2. The flex connector assembly according to claim 1 wherein the conductive points of the plug assembly are pad-shaped.
3. The flex connector assembly according to claim 1 wherein the conductive points of the receptacle assembly are cone-shaped.
4. The flex connector assembly according to claim 1 wherein the conductive points of the plug and receptacle assemblies comprise copper.
5. The flex connector assembly according to claim 1 wherein the conductive points of the plug and receptacle assemblies comprise gold.
6. The flex connector assembly according to claim 1 wherein the plug housing comprises a metallic material and wherein the receptacle housing comprises a metallic material.
7. The flex connector assembly according to claim 1 wherein the receptacle assembly comprises a sleeve having a length extending along a path from the receptacle housing, wherein the sleeve is dimensioned to receive and hold the plug housing.
8. The flex connector assembly according to claim 7 wherein the plug housing comprises a lip having a length and wherein the receptacle assembly defines a channel surrounding the first receptacle interface surface dimensioned to receive the lip of the plug housing.
9. The flex connector according to claim 8 further comprising a flexible shield surrounding the sleeve, wherein the flexible shield allows for expansion of the sleeve when receiving the lip and for contraction of the sleeve for holding the received lip in place.
10. The flex connector according to claim 9 wherein the flexible shield is made from polyimide.
11. The flex connector according to claim 8 wherein the receptacle assembly defines a flange at the intersection of the sleeve and the receptacle assembly, and wherein the flex connector further comprises a metal filled rubber gasket coupled to the flange and surrounding the sleeve.
12. The flex connector according to claim 11 wherein the gasket is a silver filled rubber polymer.

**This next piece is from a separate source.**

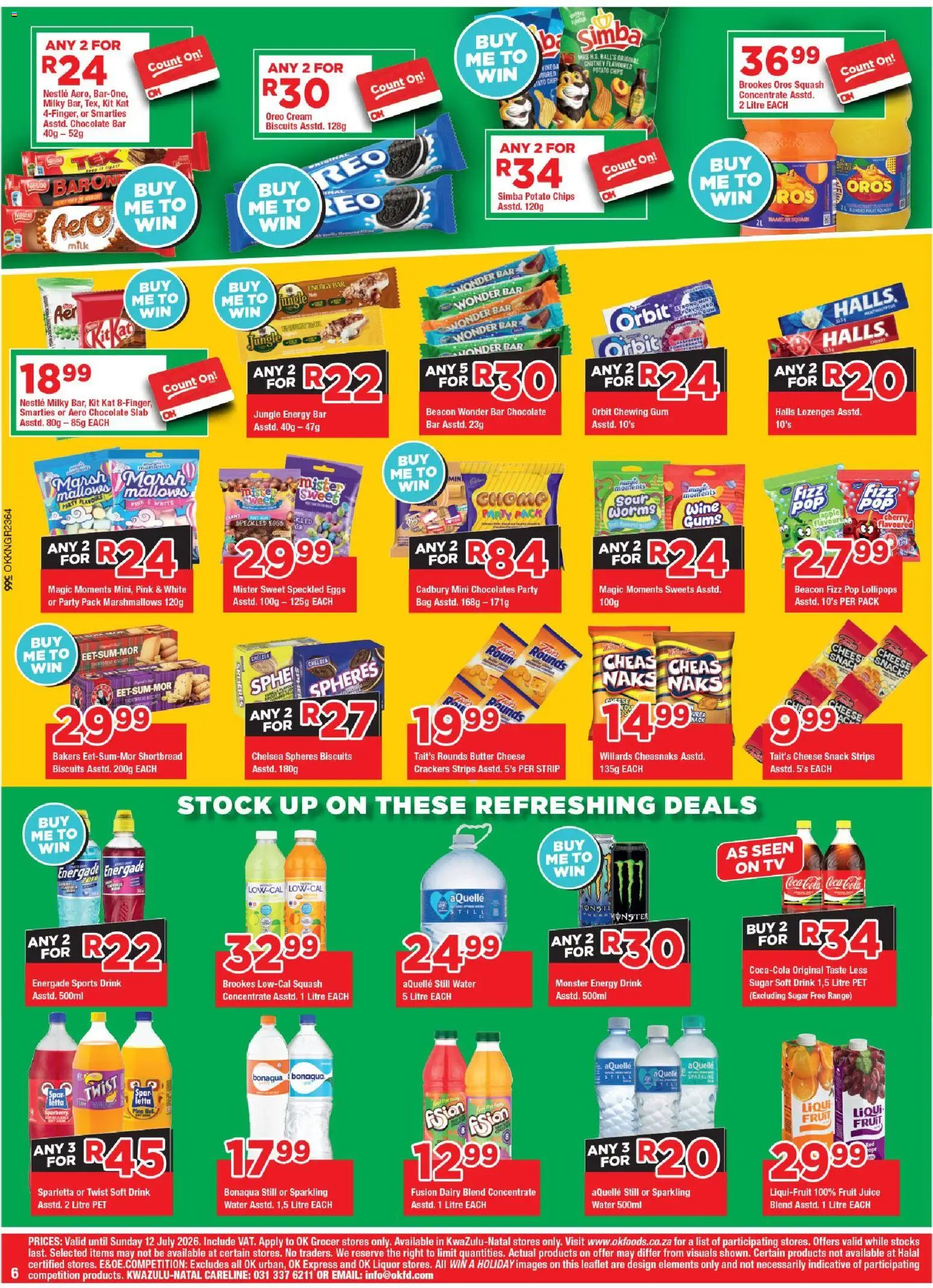 New OK Foods catalogue – valid from 24/06/2026 | Page: 6 | Products: Cheese, Juice, Dairy blend, Sugar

13. The flex connector as recited in claim 8 wherein the plug further comprises a metallic spring surrounding the lip, wherein such metallic spring is sandwiched between the lip and sleeve when the plug and receptacle are in a connected state.
14. The flex connector assembly as recited in claim 8 wherein the sleeve is not symmetric about any plane extending along the sleeve length.

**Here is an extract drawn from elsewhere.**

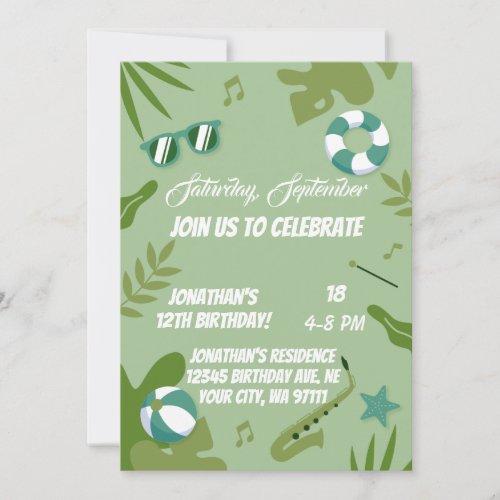 Bruh You In Neon Glow Blue Green Boy Birthday  Invitation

15. The flex connector assembly according to claim 14 wherein the shape of the lip is complementary to the shape of the sleeve.
16. The flex connector as recited in claim 15 wherein the sleeve comprises a generally D shape.
17. The flex connector assembly according to claim 1 wherein the plug assembly is securely fixed to the receptacle assembly using fasteners.
18. The flex connector assembly according to claim 1 wherein the plug flex circuit is fastened to the plug housing with conductive fasteners.
19. The flex connector assembly according to claim 1 wherein the receptacle flex circuit is fastened to the receptacle housing with conductive fasteners.
20. The flex connector assembly according to claim 1 wherein the receptacle flex circuit has a second portion with a plurality of conductive points thereon defining a second receptacle interface surface.
21. The flex connector assembly according to claim 20 wherein the first receptacle interface surface is perpendicular to the second receptacle interface surface.
22. The flex connector assembly according to claim 1 wherein the plug flex connector comprises a second portion that is electrically connectable to an electric circuit.
23. The flex connector assembly according to claim 22 further comprising a resilient boot coupled to the plug assembly and surrounding a section of the second portion of the plug flex connector.
24. The flex connector assembly according to claim 1 further comprising:
two holes formed on the first portion of the plug flex circuit; and
two alignment pins extending from the first portion of the receptacle flex circuit for penetrating the holes formed on the first portion of the plug flex circuit.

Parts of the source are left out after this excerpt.